Il Garante ha però rigettato la richiesta: sebbene il trascorrere del tempo sia la componente essenziale del diritto all’oblio, ha rilevato l ‘Autorità, questo elemento incontra un limite quando le informazioni di cui si chiede la deindicizzazione siano riferite a reati gravi e che hanno destato un forte allarme sociale. Le richieste vanno quindi valutate con minor favore, anche se devono essere analizzate caso per caso. Ed è proprio questo il caso esaminato: è trascorso un certo lasso di tempo dai fatti riportati negli articoli ma la vicenda giudiziaria si è definita solo nel 2012. I fatti narrati dagli articoli, scrive poi l’Autorità nel suo provvedimento0, “riguardano crimini di particolare gravità, posto che si riferiscono al coinvolgimento del ricorrente, in associazione delittuosa con altri e con ruolo non da comprimario, in reati contro la Pubblica amministrazione, quali la corruzione e la truffa, perpetrati a danno della sanità regionale negli anni 2004-2006, mediante l’illecita sottrazione di ingenti risorse finanziarie pubbliche”.

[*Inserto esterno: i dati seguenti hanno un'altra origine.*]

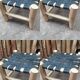 Set of four traditional moroccan stools in black leather and raw wood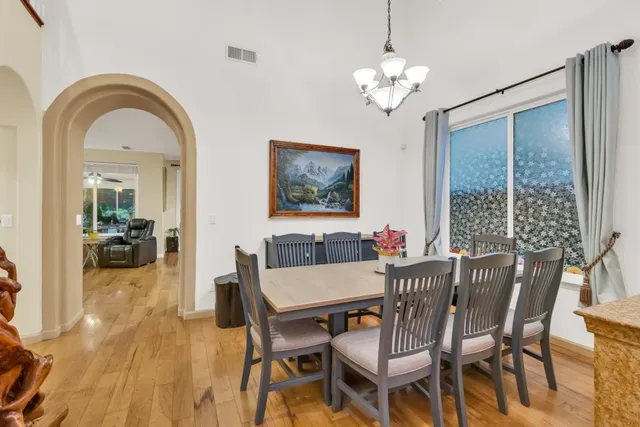 a kitchen with stainless steel appliances granite countertop a stove a sink dishwasher and a refrigerator with wooden floor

Il Garante ha poi rilevato che alcuni url riattualizzavano la notizia richiamandola in articoli relativi ad una maxi inchiesta sulla corruzione pubblicati fino al 2015. “La relativa attualità di alcuni Url dimostra l’interesse ancora vivo ed attuale dell’opinione pubblica nei confronti degli scandali che hanno interessato la sanità regionale negli ultimi anni, anche in considerazione della grave situazione finanziaria in cui la stessa versa attualmente”, ha concluso il Garante per la Privacy. Ricorso dunque infondato.